Perform forward substitution to solve Lx = y.

Paramters: dtype: dtype of the resulting vector.

Parameters:

  • dtype (DType)

Args:

  • L (NDArray): A lower triangular matrix.
  • y (NDArray): A vector.

Returns:

  • NDArray

Raises

back_substitution

back_substitution[dtype: DType](U: NDArray[dtype], y: NDArray[dtype]) -> NDArray[dtype]

Perform forward substitution to solve Ux = y.

Paramters: dtype: dtype of the resulting vector.

Parameters:

  • dtype (DType)

Args:

  • U (NDArray): A upper triangular matrix.
  • y (NDArray): A vector.

Returns:

  • NDArray

Raises

inv

Overload 1

inv[dtype: DType](A: NDArray[dtype]) -> NDArray[dtype]

Find the inverse of a non-singular, row-major matrix.

It uses the function solve() to solve AB = I for B, where I is an identity matrix.

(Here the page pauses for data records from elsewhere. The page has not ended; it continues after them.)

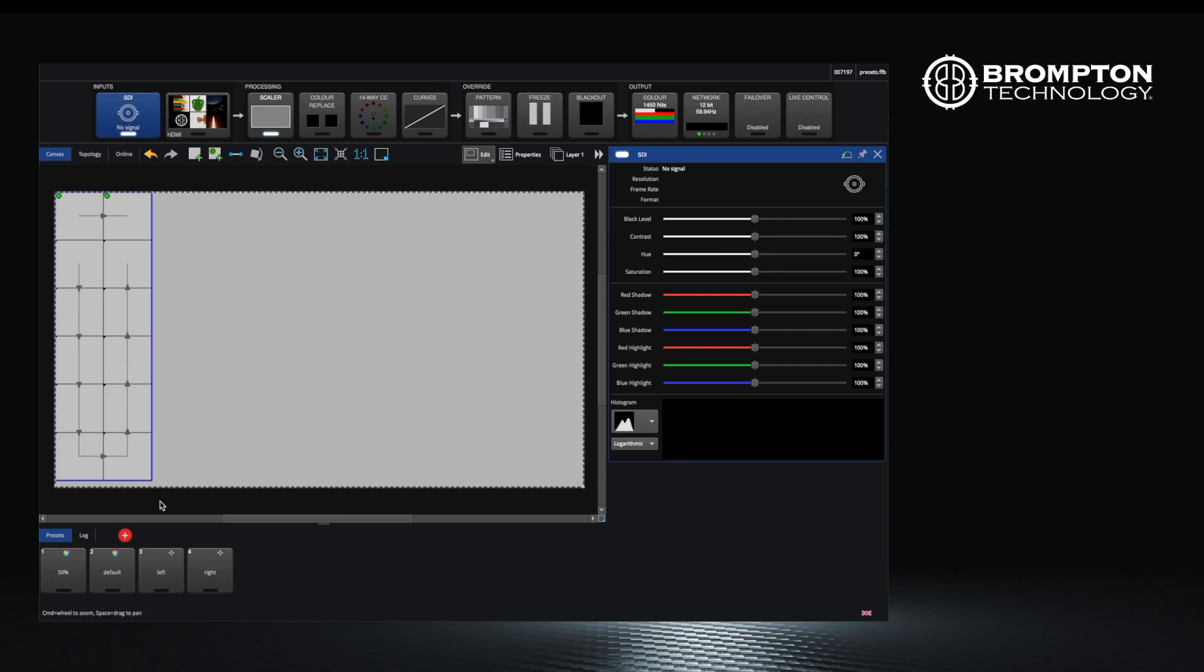For example, on an SX40 you may have an HDMI input which is 1080p and a 4K 12G SDI input, both of which have to be displayed on the same size video wall.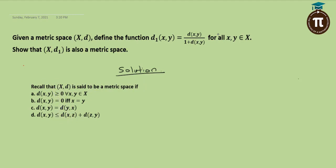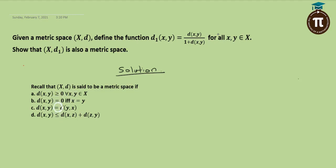The properties are: first, d(x, y) ≥ 0 for any two elements picked from the set. Second, d(x, y) = 0 if and only if x = y. Third, symmetry: d(x, y) = d(y, x). Fourth, the triangle inequality: d(x, y) ≤ d(x, z) + d(z, y). These are all the properties we are going to show.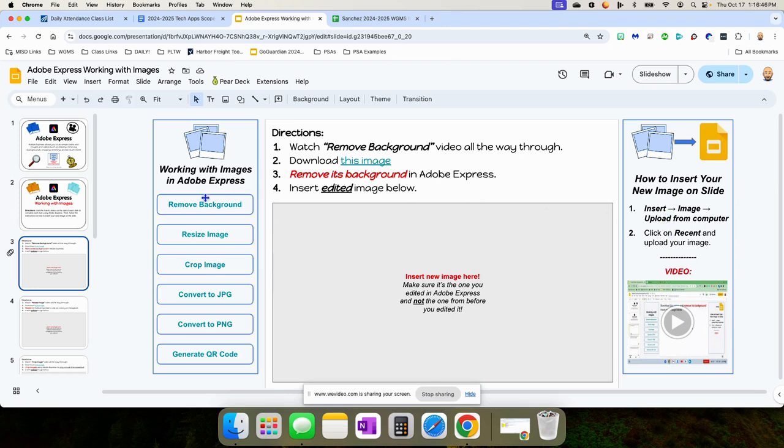Basically, everything they need is here. They're going to need to watch the video, follow these instructions, and then put the new image here.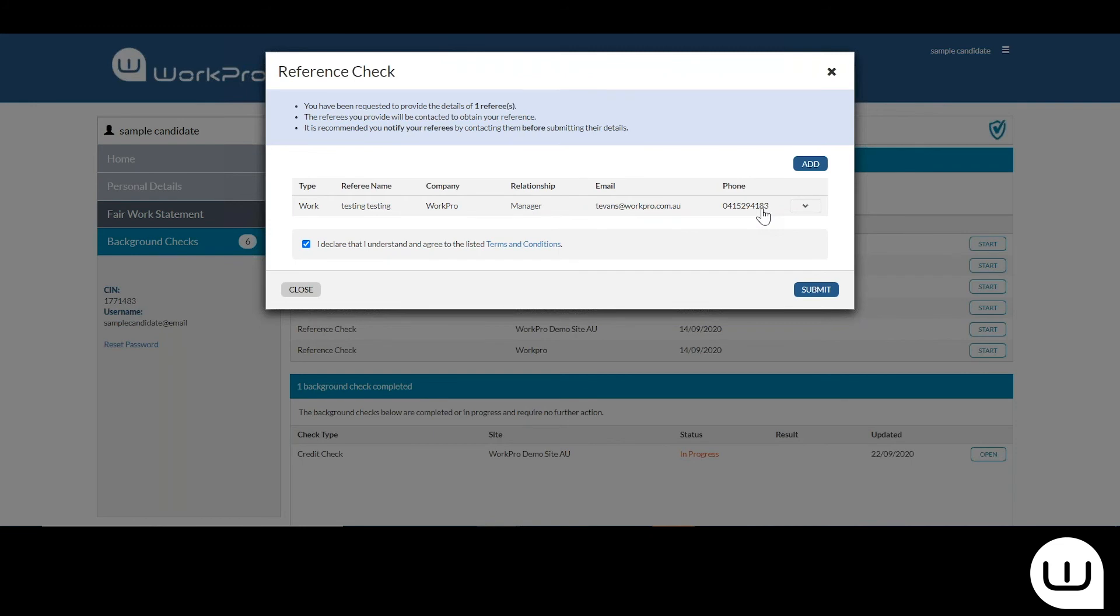It's really important that the candidate asks the referee or calls the referee and lets them know that they are a referee and that they may be contacted, making sure and confirming that they have the correct phone number and email address.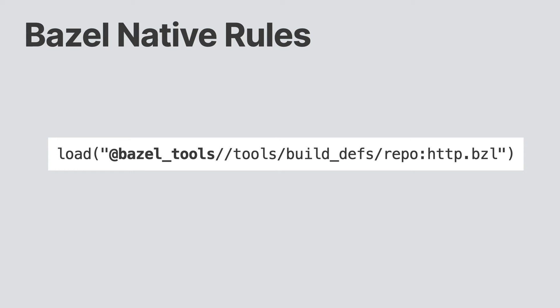Okay, before we get into these non-native rules, what's the deal with the @ sign? This is what is known as a label. In this case, it is shorthand for the repository that contains the rules. But we also use labels to refer to our build targets, as you'll see soon enough.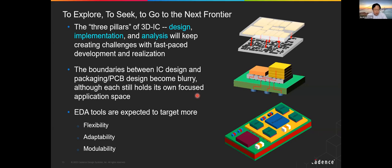This concludes my 20-minute sharing about 3D IC design. I'll talk to everybody more in the panel session. Thank you.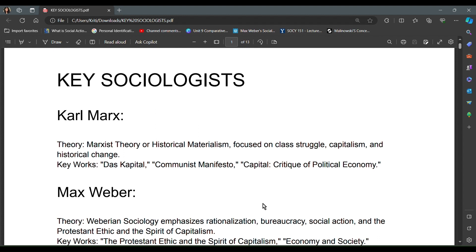So first of all, when we talk about sociology, it doesn't start without Karl Marx. Although sociology's father is Auguste Comte, Karl Marx plays a big role. So we are starting with him. If we talk about Karl Marx's work and his main books, then Capital, Communist Manifesto, and Critique of Political Economy are at the top of his theory.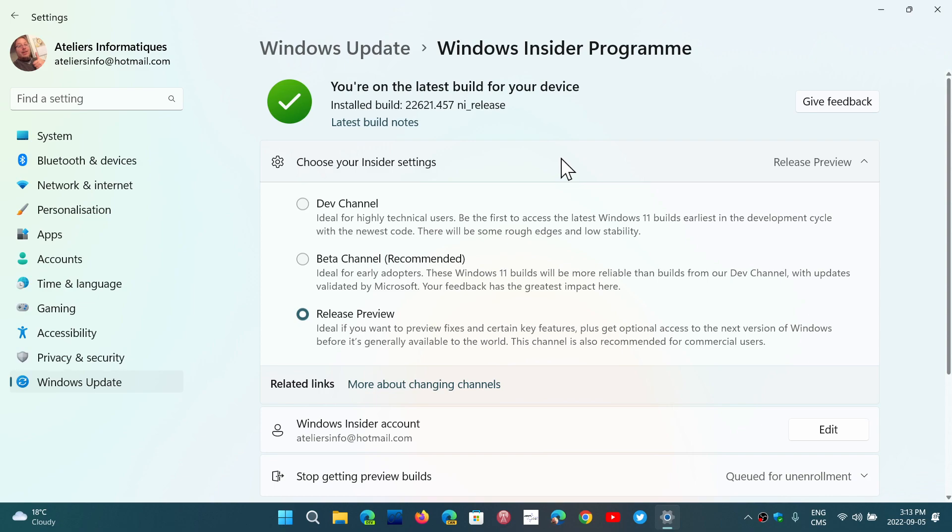We had a moment where Beta and Dev Channel kind of joined each other at the same build number, and that became the time you could move. But now you're stuck in Dev Channel and you're not getting out unless you reinstall Windows. There possibly will be a time next year where they're going to re-synchronize the Beta and Dev Channel.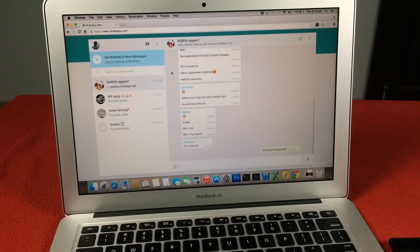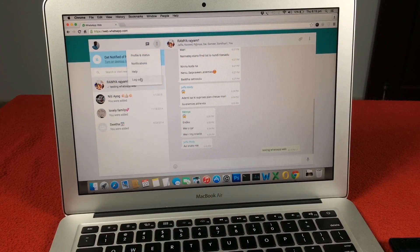We really hope you find WhatsApp web client useful in your everyday lives. Don't forget to log out from the browser to avoid any issues.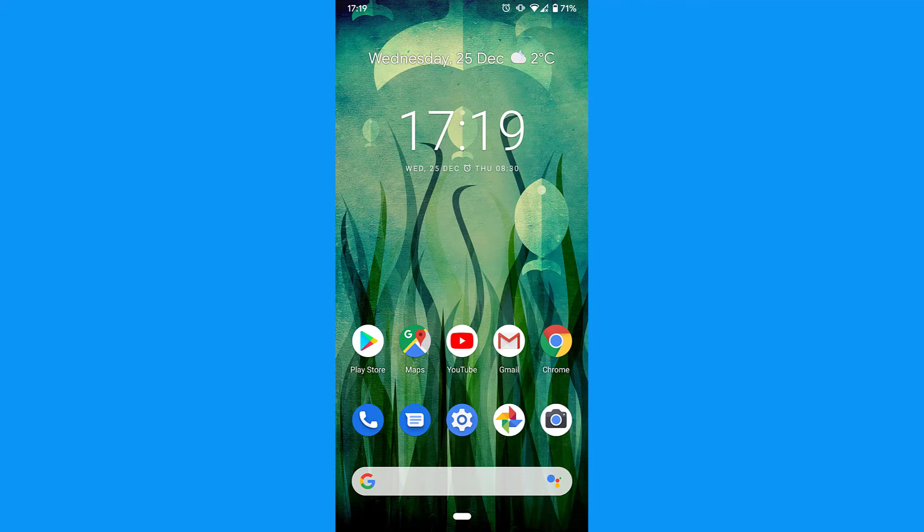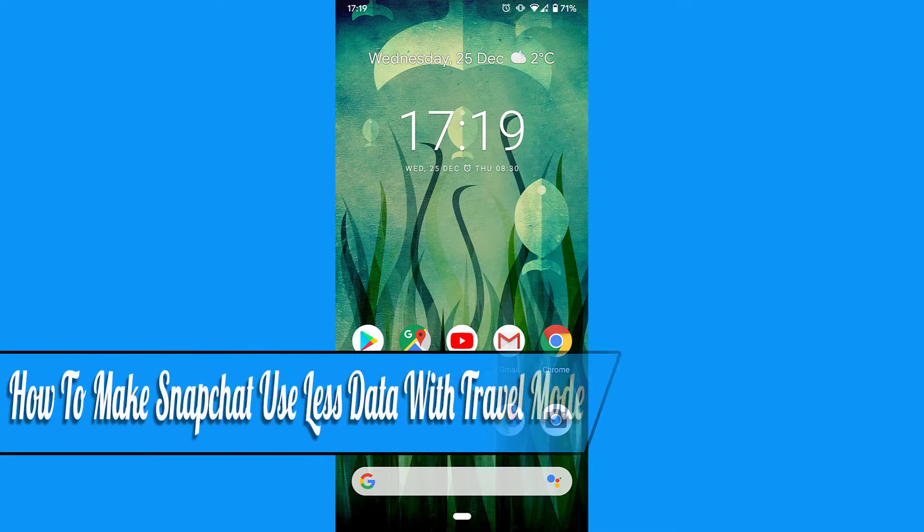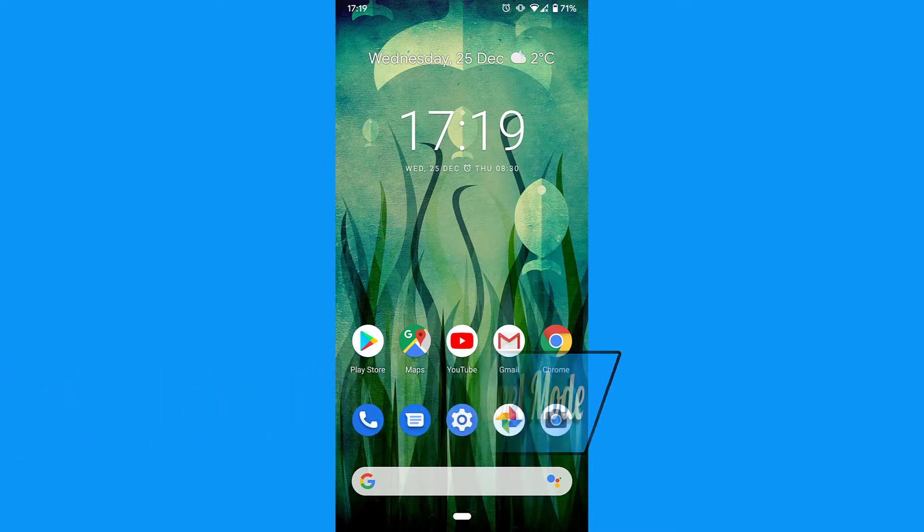Hello everyone, and welcome back to another how-to tutorial. In this video I will show you how to make Snapchat use less data with travel mode.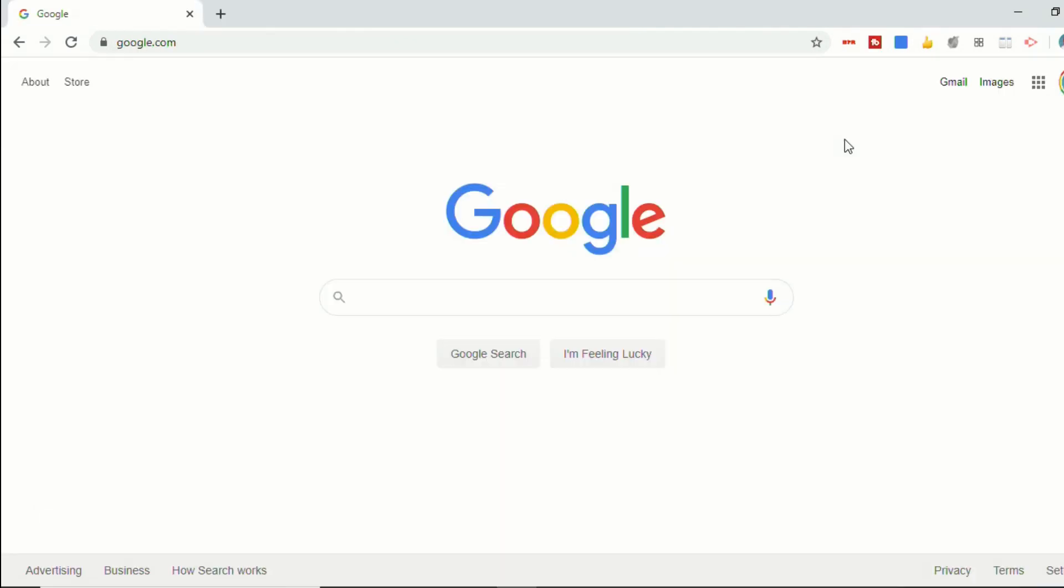And then again, just like your regular Chrome, depending on what your settings are, if you have it so that all your tabs will open up once you open Chrome again, you'll see all your tabs still grouped.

The speed is faster than numpy for matrices smaller than 100x100, and is slower for larger matrices.

Parameters:

  • dtype (DType): Data type of the inverse matrix.

Args:

  • A (NDArray): Input matrix. It should be non-singular, square, and row-major.

Returns:

  • NDArray

Raises

Overload 2

inv[dtype: DType](A: Matrix[dtype]) -> Matrix[dtype]

Inverse of matrix.

Parameters:

  • dtype (DType)

Args:

  • A (Matrix)

Returns:

  • Matrix

Raises

inv_lu

inv_lu[dtype: DType](array: NDArray[dtype]) -> NDArray[dtype]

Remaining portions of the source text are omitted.